First, let me say that I believe the cop should not have escalated the situation. He was out of line. However, what I want to focus on is the behavior of the citizen.
What I see here is becoming the norm in our society. A kid goes through his/her childhood never hearing the word "No". The parents are not willing to follow through with discipline, so they take the easier route of appeasement. Then the child goes to a school which has been completely emasculated. The child experiences no consequences for their behavior. There are second, third, then exponential chances given. If by chance, a child actually is held accountable for misbehavior, the parent is there to "protect and serve" the child. The message to the majority of modern children is "do what you want, when you want, and how you want". By the time the child becomes an adult, they have no mechanisms for dealing with a situation that does not go their way.
Then we get situations like this video. The citizen is getting angrier and more attitudinal because the authority figure is NOT catering to his wishes. This is something he is not used to and does not know how to respond.
There was confusion by the citizen as to "why" he was being asked to step out of the car, but even here it is because he assumes the cop is going to do things according to HIS prerogative (not the cop's). The citizen believes HE is the one who should be giving instructions.

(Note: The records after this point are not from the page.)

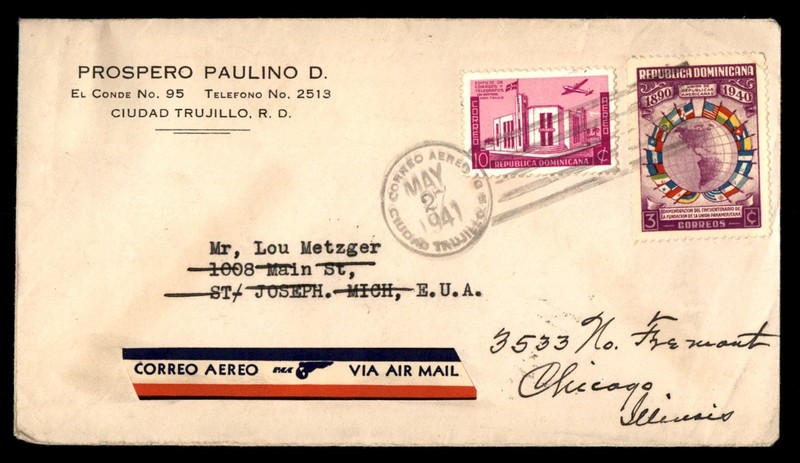 Mayfairstamps Dominican Republic 1941 Ciudad Trujillo to Chicago IL Air Mail Cov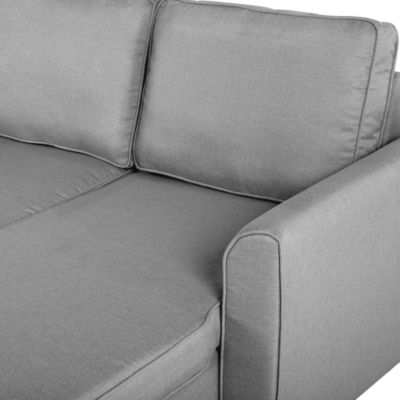 Canapé-lit d'angle 3 places NESNA avec rangement Tissu Gris clair Côté gauche
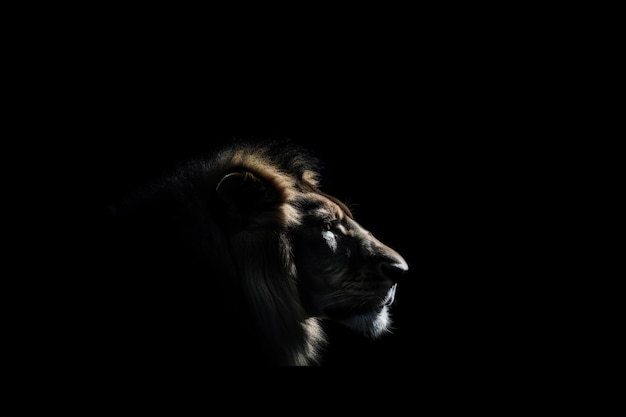 Portrait of longmaned male lion on black background Studio shot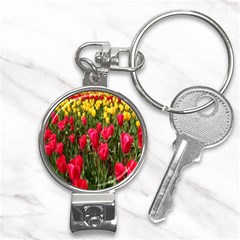 Yellow Pink Red Flowers Nail Clippers Key Chain by artworkshop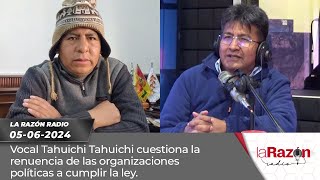 Vocal Tahuichi Tahuichi cuestiona la renuencia de las organizaciones políticas a cumplir la ley.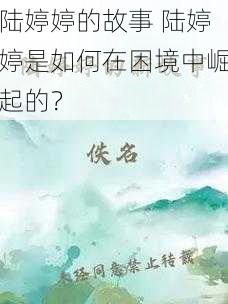 陆婷婷的故事 陆婷婷是如何在困境中崛起的？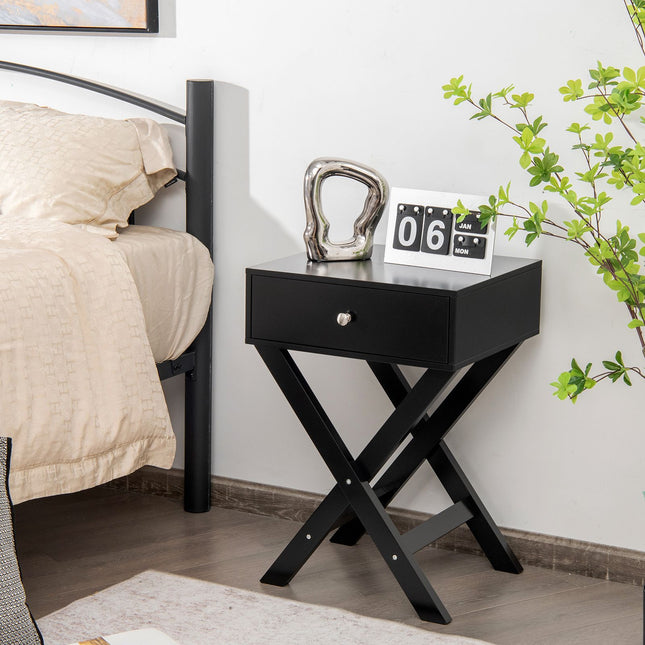 Table de chevet avec tiroir, structure en MDF en forme de X, noire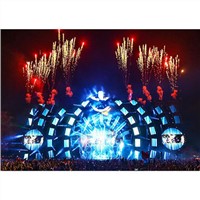 Round-shaped stage background LED wall
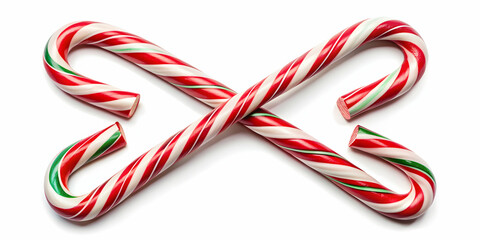 Candy canes crossed in an X shape , Christmas, holiday, sweet, red and white, festive, peppermint, X, candy cane, winter
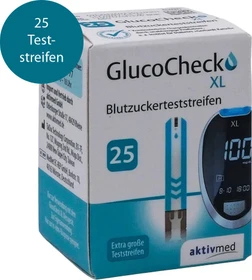 Aktivmed GlucoCheck XL Blutzucker-Teststreifen, 25 Stück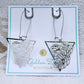 Silver Tropical Monstera Geometric Earrings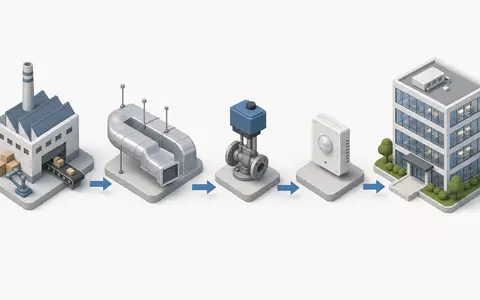 Belimo Holding AG (ISIN CH1101098163): Isometrische 3D-Grafik zeigt Wertschöpfungskette der Gebäudeautomation von Fabrik bis Bürogebäude - Foto: THN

The depth of the citizen's cluelessness is demonstrated when the cop pulls the tazer. He is so entrenched in the "do what I want, when I want, how I want" mode of thinking that he cannot see or believe what is happening. It runs contrary to everything he had been taught growing up. Following an instruction is something he has trouble conceiving.
The cop was wrong, but he may have saved that man from a life of continued self-absorption.
One last point; this happened in Utah. That cop is probably making 16 bucks an hour. Here in Utah, we have an aversion to paying for quality.